Segment Open

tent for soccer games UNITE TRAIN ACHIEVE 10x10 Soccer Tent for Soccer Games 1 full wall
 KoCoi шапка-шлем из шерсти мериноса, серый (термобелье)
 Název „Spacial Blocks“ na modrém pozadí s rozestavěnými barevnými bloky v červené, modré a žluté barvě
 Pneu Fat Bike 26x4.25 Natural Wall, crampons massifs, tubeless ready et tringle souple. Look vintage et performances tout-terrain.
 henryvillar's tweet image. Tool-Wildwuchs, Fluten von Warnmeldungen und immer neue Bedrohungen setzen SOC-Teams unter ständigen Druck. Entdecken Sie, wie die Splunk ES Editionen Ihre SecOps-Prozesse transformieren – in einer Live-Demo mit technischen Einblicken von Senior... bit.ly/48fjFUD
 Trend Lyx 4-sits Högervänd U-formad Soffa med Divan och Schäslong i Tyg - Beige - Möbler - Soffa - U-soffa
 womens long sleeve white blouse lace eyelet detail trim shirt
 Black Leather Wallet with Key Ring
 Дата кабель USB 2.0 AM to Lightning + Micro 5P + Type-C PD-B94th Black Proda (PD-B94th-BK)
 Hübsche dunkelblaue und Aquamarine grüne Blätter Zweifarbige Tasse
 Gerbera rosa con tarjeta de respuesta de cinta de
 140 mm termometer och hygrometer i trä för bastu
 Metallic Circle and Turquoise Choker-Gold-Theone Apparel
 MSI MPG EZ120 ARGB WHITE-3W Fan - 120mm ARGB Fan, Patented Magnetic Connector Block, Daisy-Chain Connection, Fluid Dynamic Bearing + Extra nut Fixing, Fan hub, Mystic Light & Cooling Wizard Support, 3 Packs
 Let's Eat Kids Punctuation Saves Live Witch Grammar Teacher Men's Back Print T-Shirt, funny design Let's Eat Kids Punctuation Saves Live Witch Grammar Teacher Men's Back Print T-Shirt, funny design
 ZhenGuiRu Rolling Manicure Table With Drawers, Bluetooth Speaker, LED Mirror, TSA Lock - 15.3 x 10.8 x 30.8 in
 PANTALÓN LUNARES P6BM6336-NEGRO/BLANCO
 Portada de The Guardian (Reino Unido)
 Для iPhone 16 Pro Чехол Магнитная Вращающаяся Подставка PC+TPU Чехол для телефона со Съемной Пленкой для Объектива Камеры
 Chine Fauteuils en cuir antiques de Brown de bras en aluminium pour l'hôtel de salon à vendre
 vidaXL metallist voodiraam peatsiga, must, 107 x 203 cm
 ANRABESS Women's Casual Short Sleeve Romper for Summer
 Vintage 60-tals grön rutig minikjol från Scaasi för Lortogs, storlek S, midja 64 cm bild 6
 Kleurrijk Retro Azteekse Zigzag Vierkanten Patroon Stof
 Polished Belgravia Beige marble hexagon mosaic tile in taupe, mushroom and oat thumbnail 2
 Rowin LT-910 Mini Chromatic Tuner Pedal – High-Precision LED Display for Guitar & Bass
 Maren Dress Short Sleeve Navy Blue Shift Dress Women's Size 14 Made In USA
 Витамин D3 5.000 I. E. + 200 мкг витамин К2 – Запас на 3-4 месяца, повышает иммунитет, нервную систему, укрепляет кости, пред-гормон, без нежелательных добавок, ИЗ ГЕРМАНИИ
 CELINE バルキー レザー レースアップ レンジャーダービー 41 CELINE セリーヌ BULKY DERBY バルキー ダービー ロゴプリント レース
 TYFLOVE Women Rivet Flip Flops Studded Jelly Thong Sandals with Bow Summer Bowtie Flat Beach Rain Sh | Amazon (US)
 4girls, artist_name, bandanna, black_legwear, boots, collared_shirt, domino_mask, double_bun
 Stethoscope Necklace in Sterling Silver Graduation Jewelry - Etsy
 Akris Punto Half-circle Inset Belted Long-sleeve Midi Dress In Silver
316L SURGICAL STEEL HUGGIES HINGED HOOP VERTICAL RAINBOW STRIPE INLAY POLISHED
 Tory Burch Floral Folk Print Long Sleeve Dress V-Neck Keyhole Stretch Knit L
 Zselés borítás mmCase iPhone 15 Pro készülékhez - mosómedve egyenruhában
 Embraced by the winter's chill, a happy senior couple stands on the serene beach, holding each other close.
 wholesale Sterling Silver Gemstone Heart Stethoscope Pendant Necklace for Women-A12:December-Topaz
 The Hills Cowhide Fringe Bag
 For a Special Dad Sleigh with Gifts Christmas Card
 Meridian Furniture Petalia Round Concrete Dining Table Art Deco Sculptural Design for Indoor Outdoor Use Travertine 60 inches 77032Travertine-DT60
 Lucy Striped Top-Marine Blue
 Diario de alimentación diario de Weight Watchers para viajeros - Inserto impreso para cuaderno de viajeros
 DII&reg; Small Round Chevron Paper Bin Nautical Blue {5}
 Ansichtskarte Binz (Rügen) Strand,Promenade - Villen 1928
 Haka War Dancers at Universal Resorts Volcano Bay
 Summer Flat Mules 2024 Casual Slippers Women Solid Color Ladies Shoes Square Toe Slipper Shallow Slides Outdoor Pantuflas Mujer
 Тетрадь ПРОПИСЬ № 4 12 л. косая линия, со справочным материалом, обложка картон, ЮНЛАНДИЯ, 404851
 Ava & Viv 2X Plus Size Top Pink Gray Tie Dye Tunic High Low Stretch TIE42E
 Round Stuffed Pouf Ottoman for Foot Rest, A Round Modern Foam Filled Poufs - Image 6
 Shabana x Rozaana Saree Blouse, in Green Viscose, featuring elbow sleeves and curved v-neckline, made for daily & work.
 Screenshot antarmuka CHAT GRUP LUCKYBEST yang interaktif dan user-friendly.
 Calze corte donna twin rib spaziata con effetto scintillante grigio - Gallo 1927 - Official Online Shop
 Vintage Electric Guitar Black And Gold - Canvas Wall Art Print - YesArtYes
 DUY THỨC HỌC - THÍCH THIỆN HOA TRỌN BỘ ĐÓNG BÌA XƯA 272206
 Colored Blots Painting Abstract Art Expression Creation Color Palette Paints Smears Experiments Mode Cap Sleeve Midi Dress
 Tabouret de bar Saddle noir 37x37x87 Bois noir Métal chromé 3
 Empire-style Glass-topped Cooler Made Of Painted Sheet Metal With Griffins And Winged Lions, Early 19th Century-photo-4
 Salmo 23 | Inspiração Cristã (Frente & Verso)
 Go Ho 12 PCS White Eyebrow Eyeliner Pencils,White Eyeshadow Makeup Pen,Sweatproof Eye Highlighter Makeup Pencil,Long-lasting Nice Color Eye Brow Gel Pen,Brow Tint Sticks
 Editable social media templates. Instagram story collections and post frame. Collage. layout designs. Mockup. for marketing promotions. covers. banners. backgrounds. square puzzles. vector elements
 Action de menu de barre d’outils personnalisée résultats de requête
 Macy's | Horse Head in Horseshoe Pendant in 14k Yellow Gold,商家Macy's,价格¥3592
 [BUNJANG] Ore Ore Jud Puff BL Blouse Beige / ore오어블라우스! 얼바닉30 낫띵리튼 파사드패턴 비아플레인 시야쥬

Segment Closed

▶ Directions: Quote the records above exactly, from the first line through the line containing "womens long sleeve", and nothing more.

▶ Finished exercise:
tent for soccer games UNITE TRAIN ACHIEVE 10x10 Soccer Tent for Soccer Games 1 full wall
 KoCoi шапка-шлем из шерсти мериноса, серый (термобелье)
 Název „Spacial Blocks“ na modrém pozadí s rozestavěnými barevnými bloky v červené, modré a žluté barvě
 Pneu Fat Bike 26x4.25 Natural Wall, crampons massifs, tubeless ready et tringle souple. Look vintage et performances tout-terrain.
 henryvillar's tweet image. Tool-Wildwuchs, Fluten von Warnmeldungen und immer neue Bedrohungen setzen SOC-Teams unter ständigen Druck. Entdecken Sie, wie die Splunk ES Editionen Ihre SecOps-Prozesse transformieren – in einer Live-Demo mit technischen Einblicken von Senior... bit.ly/48fjFUD
 Trend Lyx 4-sits Högervänd U-formad Soffa med Divan och Schäslong i Tyg - Beige - Möbler - Soffa - U-soffa
 womens long sleeve white blouse lace eyelet detail trim shirt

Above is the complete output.